### TASK GOAL
Line by line, retype the whole listing exactly.

### TASK INPUT
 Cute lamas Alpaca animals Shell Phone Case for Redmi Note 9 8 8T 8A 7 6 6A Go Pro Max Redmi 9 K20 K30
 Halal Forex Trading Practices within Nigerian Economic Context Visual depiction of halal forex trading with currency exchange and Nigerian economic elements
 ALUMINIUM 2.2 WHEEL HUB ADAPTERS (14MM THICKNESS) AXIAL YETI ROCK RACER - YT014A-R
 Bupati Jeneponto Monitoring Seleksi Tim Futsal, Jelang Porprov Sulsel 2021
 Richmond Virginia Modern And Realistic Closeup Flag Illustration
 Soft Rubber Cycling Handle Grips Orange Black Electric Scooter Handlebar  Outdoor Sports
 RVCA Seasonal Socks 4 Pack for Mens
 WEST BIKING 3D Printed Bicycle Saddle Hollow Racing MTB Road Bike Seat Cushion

### FINAL ANSWER
 Cute lamas Alpaca animals Shell Phone Case for Redmi Note 9 8 8T 8A 7 6 6A Go Pro Max Redmi 9 K20 K30
 Halal Forex Trading Practices within Nigerian Economic Context Visual depiction of halal forex trading with currency exchange and Nigerian economic elements
 ALUMINIUM 2.2 WHEEL HUB ADAPTERS (14MM THICKNESS) AXIAL YETI ROCK RACER - YT014A-R
 Bupati Jeneponto Monitoring Seleksi Tim Futsal, Jelang Porprov Sulsel 2021
 Richmond Virginia Modern And Realistic Closeup Flag Illustration
 Soft Rubber Cycling Handle Grips Orange Black Electric Scooter Handlebar  Outdoor Sports
 RVCA Seasonal Socks 4 Pack for Mens
 WEST BIKING 3D Printed Bicycle Saddle Hollow Racing MTB Road Bike Seat Cushion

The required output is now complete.